I've always been pro abortion but I can't come to terms with women being allowed to 'abort' a child who would otherwise survive. Presumably to stop the child surviving it is actively killed before being aborted? It's obviously a deeply emotive issue but my daughter was born at 36 weeks and she was obviously a little human being at that point. Early abortion involves the removal of a clump of cells with only the potential to become a human being. I understand there is a massive range of opinions about abortion but I'm surprised there are so many who don't have a problem with abortion up to birth.

PollyNomial · 19/03/2026 08:57

A still birth at term does not count towards mortality statistics because it has not been living, so it's not correct to say they were alive.

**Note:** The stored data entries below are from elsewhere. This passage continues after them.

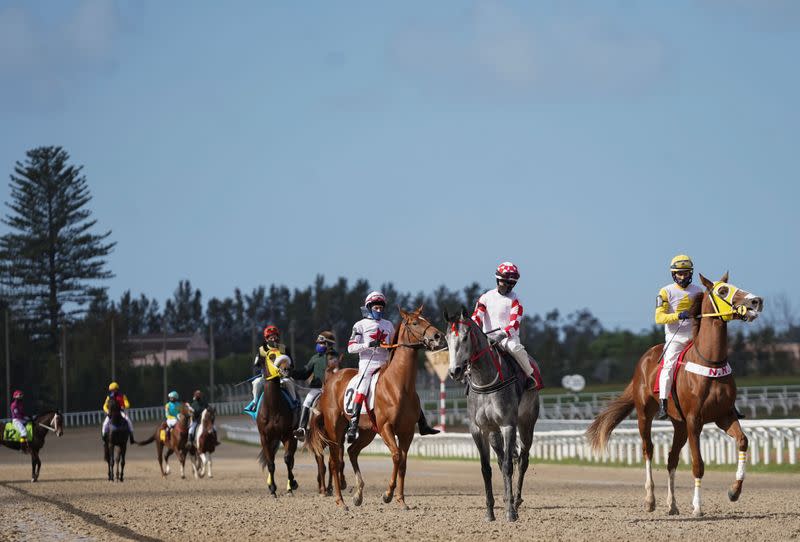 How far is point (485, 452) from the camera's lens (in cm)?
1476

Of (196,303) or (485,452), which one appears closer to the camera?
(485,452)

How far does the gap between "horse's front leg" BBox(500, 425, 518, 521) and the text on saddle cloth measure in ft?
11.1

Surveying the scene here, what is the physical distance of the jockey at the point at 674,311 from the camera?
15.3 meters

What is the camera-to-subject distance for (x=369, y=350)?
18000 mm

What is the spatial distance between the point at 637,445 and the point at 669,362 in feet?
56.0

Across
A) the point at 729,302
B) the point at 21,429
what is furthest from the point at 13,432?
the point at 729,302

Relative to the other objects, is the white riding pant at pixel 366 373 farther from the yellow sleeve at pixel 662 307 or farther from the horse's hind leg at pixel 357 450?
the yellow sleeve at pixel 662 307

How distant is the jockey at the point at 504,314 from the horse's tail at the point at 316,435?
5.14m

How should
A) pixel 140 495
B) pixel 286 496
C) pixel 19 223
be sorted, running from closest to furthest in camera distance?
pixel 286 496, pixel 140 495, pixel 19 223

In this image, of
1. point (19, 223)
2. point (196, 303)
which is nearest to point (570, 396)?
point (19, 223)

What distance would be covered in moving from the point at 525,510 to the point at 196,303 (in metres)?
175

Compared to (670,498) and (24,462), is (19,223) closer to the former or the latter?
(24,462)

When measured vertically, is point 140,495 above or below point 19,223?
below

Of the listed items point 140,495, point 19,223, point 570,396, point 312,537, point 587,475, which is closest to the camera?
point 312,537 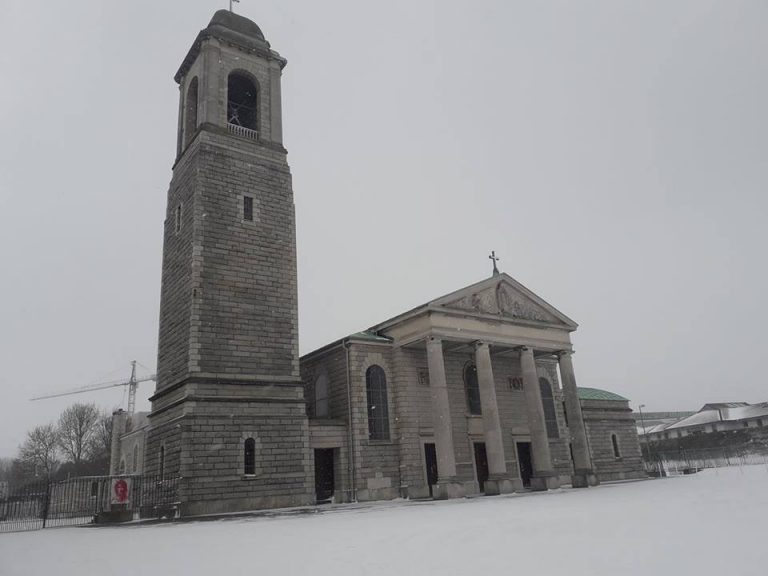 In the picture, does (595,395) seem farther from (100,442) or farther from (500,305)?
(100,442)

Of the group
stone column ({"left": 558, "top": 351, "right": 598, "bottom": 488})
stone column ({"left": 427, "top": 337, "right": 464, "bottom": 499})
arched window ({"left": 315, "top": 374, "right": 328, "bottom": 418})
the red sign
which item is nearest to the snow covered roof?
stone column ({"left": 558, "top": 351, "right": 598, "bottom": 488})

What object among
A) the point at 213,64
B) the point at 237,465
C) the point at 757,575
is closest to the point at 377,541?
the point at 757,575

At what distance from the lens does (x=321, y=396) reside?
32.3m

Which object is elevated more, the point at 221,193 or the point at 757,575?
the point at 221,193

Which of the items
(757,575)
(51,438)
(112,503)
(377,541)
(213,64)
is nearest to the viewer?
(757,575)

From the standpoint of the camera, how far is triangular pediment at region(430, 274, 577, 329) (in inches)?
1217

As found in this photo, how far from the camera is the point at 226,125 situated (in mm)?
29578

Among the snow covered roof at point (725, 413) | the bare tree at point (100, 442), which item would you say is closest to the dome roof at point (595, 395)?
the snow covered roof at point (725, 413)

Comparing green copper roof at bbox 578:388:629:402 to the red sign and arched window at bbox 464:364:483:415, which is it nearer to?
arched window at bbox 464:364:483:415

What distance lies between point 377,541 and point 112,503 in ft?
55.9

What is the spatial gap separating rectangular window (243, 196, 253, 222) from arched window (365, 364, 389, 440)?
33.2 ft

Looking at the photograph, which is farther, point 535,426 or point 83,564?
point 535,426

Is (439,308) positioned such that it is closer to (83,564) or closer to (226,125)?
(226,125)

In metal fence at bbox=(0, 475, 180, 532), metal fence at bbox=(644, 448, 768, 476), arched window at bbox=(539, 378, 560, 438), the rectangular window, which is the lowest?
metal fence at bbox=(644, 448, 768, 476) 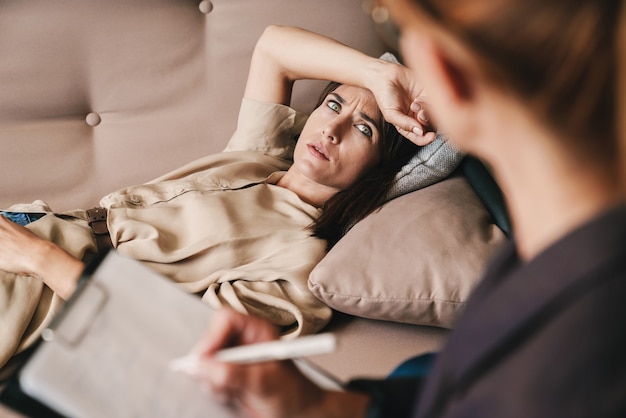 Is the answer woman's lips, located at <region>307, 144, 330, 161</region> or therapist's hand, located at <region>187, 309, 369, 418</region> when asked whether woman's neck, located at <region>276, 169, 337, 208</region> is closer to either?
woman's lips, located at <region>307, 144, 330, 161</region>

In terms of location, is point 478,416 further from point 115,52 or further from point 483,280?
point 115,52

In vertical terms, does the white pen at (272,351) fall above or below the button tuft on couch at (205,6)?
below

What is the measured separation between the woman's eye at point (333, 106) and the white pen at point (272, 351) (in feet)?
2.93

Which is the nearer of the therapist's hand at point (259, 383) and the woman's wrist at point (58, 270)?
the therapist's hand at point (259, 383)

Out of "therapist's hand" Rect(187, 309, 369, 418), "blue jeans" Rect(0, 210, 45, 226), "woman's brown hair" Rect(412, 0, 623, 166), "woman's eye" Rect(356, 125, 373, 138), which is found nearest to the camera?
"woman's brown hair" Rect(412, 0, 623, 166)

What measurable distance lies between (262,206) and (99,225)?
320 millimetres

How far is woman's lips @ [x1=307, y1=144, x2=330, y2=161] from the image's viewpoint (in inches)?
51.1

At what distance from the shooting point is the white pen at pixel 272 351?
1.39ft

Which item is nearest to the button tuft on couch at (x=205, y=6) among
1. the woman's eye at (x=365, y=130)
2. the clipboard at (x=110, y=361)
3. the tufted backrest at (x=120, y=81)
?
the tufted backrest at (x=120, y=81)

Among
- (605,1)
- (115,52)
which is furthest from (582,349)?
(115,52)

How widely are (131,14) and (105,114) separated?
228mm

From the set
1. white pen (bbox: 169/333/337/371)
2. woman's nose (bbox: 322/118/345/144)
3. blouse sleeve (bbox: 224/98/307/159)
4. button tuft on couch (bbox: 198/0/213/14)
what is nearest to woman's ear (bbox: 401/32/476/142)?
white pen (bbox: 169/333/337/371)

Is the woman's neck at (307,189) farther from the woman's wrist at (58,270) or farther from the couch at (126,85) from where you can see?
the woman's wrist at (58,270)

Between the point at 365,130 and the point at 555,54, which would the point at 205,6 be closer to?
the point at 365,130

Lovelyview · 19/03/2026 08:59

PollyNomial · 19/03/2026 08:51

Until born, the fetus isn't alive. Abortions do not and cannot kill unless it goes horribly wrong and the potential mother dies.

Edited

Babies born after 24 usually survive. I don't understand what you mean by this statement.

Shortshriftandlethal · 19/03/2026 08:59

Lovelyview · 19/03/2026 08:55

I've always been pro abortion but I can't come to terms with women being allowed to 'abort' a child who would otherwise survive. Presumably to stop the child surviving it is actively killed before being aborted? It's obviously a deeply emotive issue but my daughter was born at 36 weeks and she was obviously a little human being at that point. Early abortion involves the removal of a clump of cells with only the potential to become a human being. I understand there is a massive range of opinions about abortion but I'm surprised there are so many who don't have a problem with abortion up to birth.

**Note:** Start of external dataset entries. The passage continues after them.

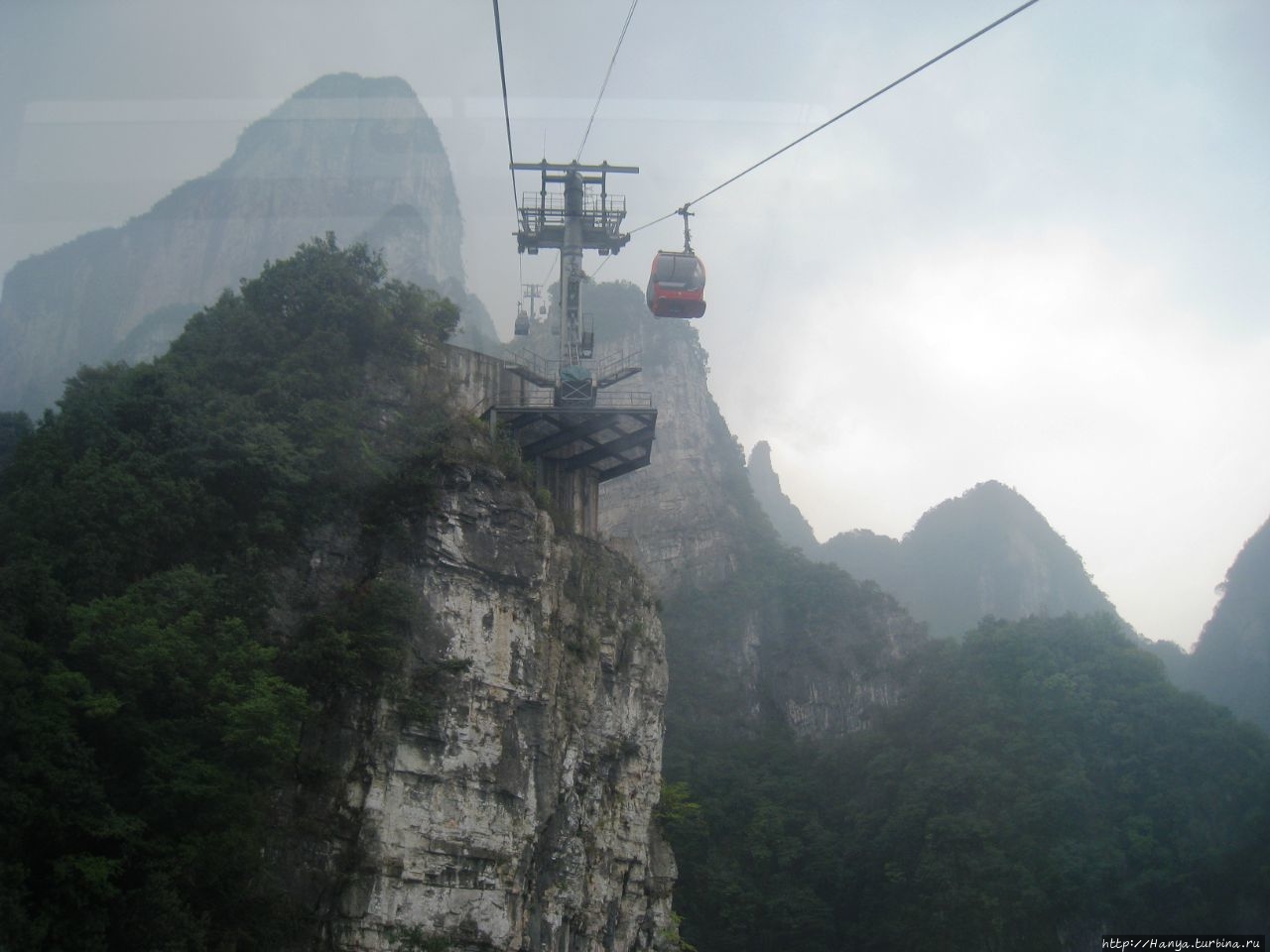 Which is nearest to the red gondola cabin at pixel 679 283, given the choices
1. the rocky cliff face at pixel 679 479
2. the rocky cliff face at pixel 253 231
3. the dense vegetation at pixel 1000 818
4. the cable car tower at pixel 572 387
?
the cable car tower at pixel 572 387

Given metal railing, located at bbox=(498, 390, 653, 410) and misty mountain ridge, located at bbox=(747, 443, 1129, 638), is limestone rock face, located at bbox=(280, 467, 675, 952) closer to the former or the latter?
metal railing, located at bbox=(498, 390, 653, 410)

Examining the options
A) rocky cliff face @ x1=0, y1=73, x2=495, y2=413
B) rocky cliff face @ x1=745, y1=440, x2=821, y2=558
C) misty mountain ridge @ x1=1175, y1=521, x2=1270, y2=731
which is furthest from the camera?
rocky cliff face @ x1=745, y1=440, x2=821, y2=558

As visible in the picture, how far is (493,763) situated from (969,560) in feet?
209

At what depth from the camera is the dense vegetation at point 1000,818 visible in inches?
1339

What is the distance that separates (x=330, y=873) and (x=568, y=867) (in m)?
5.32

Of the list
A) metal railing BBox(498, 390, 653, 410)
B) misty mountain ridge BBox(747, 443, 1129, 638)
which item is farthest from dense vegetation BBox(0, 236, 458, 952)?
misty mountain ridge BBox(747, 443, 1129, 638)

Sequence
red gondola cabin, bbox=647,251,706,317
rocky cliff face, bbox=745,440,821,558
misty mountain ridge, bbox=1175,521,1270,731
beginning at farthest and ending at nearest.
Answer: rocky cliff face, bbox=745,440,821,558 → misty mountain ridge, bbox=1175,521,1270,731 → red gondola cabin, bbox=647,251,706,317

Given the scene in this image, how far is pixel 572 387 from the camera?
21.7 meters

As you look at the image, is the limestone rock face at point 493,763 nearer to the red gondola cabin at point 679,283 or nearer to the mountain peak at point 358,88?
the red gondola cabin at point 679,283

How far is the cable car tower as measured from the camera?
71.5 feet

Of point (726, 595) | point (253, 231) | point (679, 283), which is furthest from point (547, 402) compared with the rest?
point (253, 231)

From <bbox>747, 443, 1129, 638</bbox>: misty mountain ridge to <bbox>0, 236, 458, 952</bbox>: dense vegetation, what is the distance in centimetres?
5849

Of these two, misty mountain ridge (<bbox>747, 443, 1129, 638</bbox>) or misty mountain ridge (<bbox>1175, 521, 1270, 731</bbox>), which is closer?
misty mountain ridge (<bbox>1175, 521, 1270, 731</bbox>)

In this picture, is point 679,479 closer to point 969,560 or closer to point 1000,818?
point 1000,818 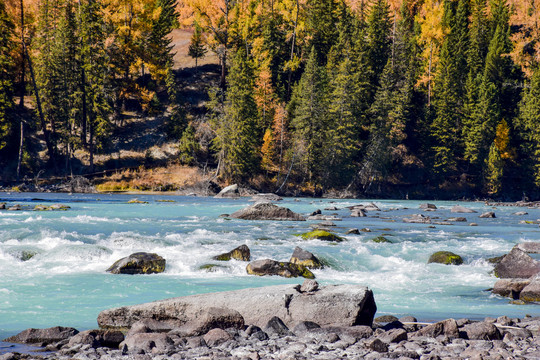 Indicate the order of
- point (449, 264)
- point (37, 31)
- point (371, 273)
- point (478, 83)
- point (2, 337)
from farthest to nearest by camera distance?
point (478, 83) < point (37, 31) < point (449, 264) < point (371, 273) < point (2, 337)

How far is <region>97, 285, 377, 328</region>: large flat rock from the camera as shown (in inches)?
338

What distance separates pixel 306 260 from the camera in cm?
1447

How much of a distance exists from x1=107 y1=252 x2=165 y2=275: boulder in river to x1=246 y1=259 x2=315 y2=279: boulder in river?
266 cm

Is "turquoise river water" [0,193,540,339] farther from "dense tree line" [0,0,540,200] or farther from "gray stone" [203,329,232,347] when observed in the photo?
"dense tree line" [0,0,540,200]

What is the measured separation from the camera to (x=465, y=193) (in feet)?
207

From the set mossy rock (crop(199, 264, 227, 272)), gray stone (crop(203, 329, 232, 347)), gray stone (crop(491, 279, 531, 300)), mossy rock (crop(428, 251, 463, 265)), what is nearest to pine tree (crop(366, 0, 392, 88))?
mossy rock (crop(428, 251, 463, 265))

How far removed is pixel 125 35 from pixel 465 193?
48.4 m

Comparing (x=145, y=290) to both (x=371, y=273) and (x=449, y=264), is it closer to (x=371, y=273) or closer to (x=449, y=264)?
(x=371, y=273)

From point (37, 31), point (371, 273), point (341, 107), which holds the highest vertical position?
point (37, 31)

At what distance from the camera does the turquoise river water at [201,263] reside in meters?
10.3

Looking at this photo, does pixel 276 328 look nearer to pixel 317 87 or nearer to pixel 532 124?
pixel 317 87

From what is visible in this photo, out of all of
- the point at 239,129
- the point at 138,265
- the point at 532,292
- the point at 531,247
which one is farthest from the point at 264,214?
the point at 239,129

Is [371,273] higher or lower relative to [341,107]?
lower

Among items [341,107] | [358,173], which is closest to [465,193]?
[358,173]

I can only imagine it is because they have never carried a pregnancy to term , or else for them it is entirely theoretical and predicated entirely on the concept of 'My Body, my Choice' with no room for the nuance of ethics.

Shortshriftandlethal · 19/03/2026 09:03

PollyNomial · 19/03/2026 08:57

A still birth at term does not count towards mortality statistics because it has not been living, so it's not correct to say they were alive.

Edited

An unborn child does not count in mortality statistics because those statistics are predicated on 'personhood' - which offically begins at birth......but to suggest that a baby is not alive until it is born is clearly a ludicrous proposition.

PollyNomial · 19/03/2026 09:04

Lovelyview · 19/03/2026 08:59

Babies born after 24 usually survive. I don't understand what you mean by this statement.

Someone can only be killed if they first have lived independently of their mother.

And 24w fetus' will only live with huge amounts of intensive medical intervention. A generation or so ago, such deliveries would have resulted in a late term miscarriage.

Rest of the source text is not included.